---------- WORKING DATA ----------

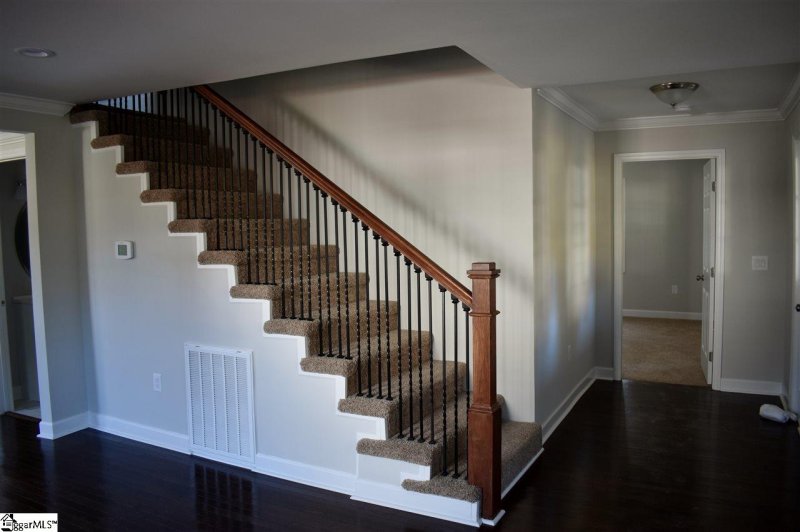Property image 3 at 419 Pennsylvania Avenue, Greer, SC 29650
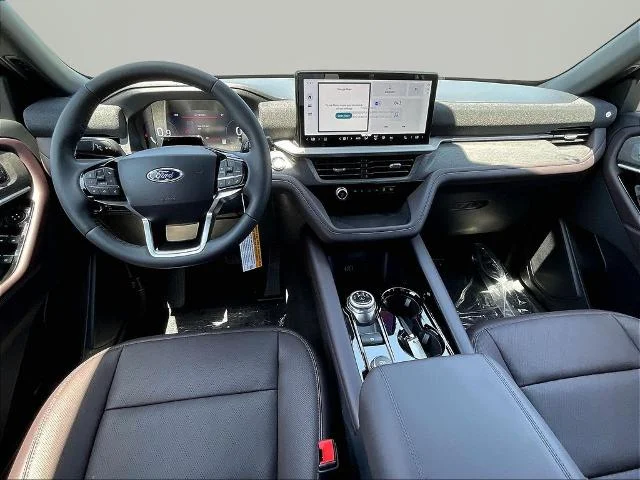 New 2026 Space White Metallic Ford Platinum™ image 41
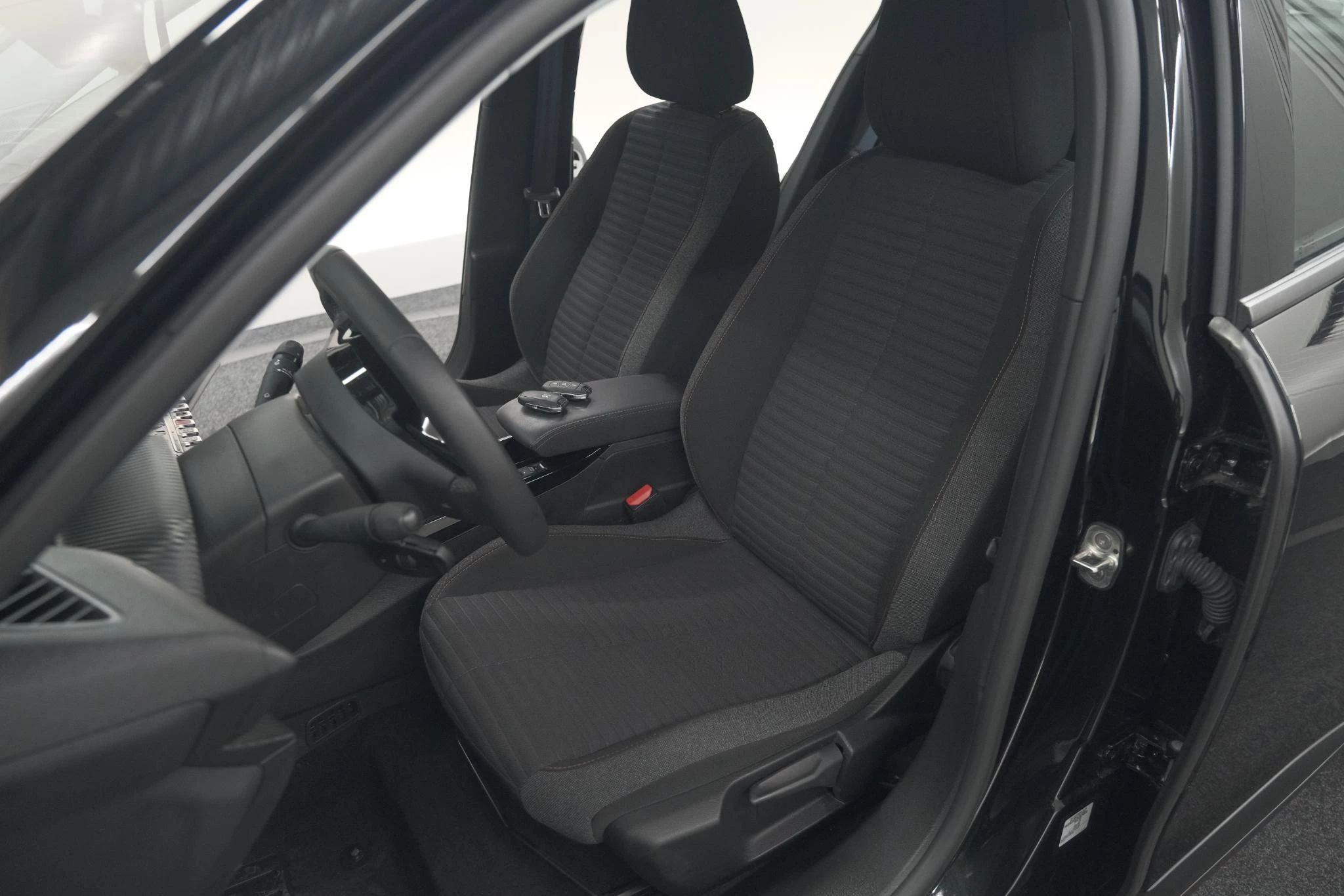 Hoofdafbeelding Peugeot e-2008
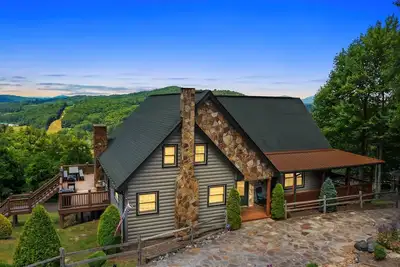 Image de A Home Sweet Home-Cabin w / vues, bain Ă remous, table de billard, Wi-Fi, Fire Pit & More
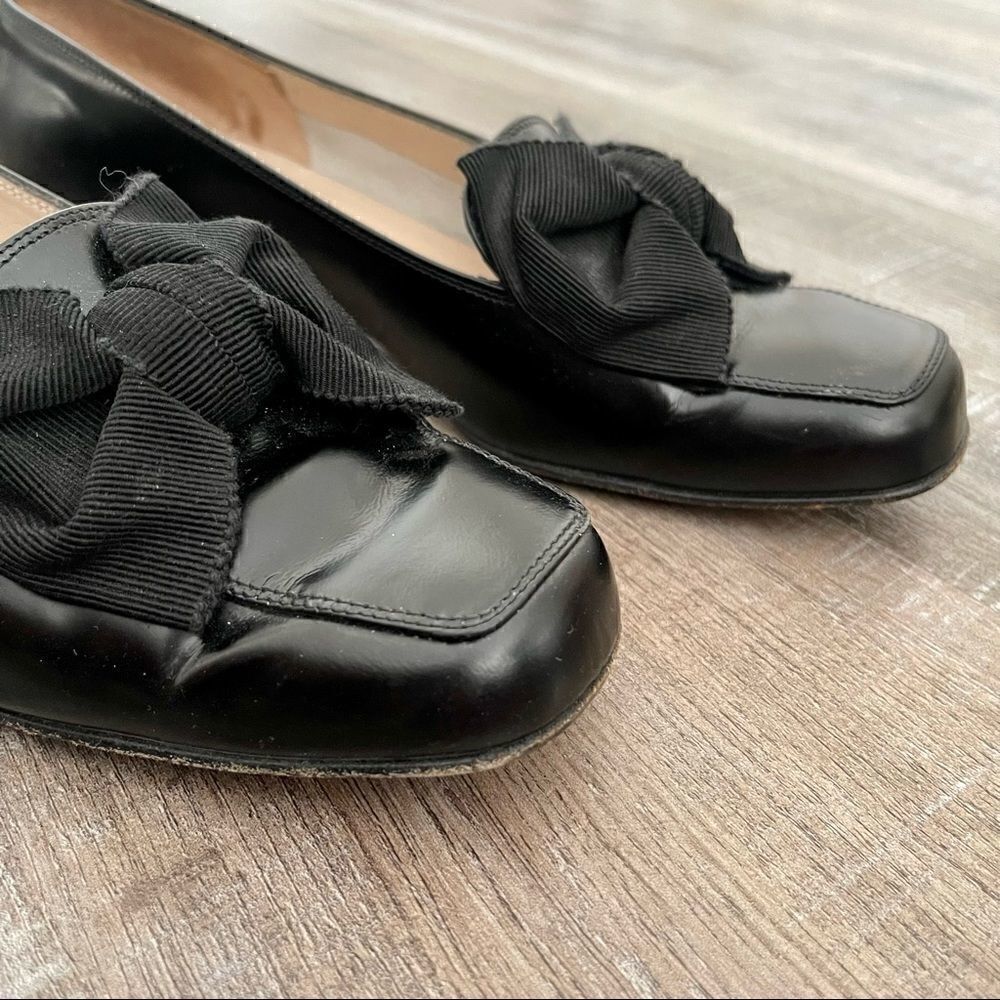 SALVATORE FERRAGAMO tuxedo bow flats. - Picture 3 of 7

----------

INSTRUCTIONS FOR THE TASK -
Without the pictures, retype exactly the lines from the one that holds "Hoofdafbeelding Peugeot e-2008" to the last line of the data above, both of them included.

SOLUTION FOR THIS PROBLEM -
 Hoofdafbeelding Peugeot e-2008
 Image de A Home Sweet Home-Cabin w / vues, bain Ă remous, table de billard, Wi-Fi, Fire Pit & More
 SALVATORE FERRAGAMO tuxedo bow flats. - Picture 3 of 7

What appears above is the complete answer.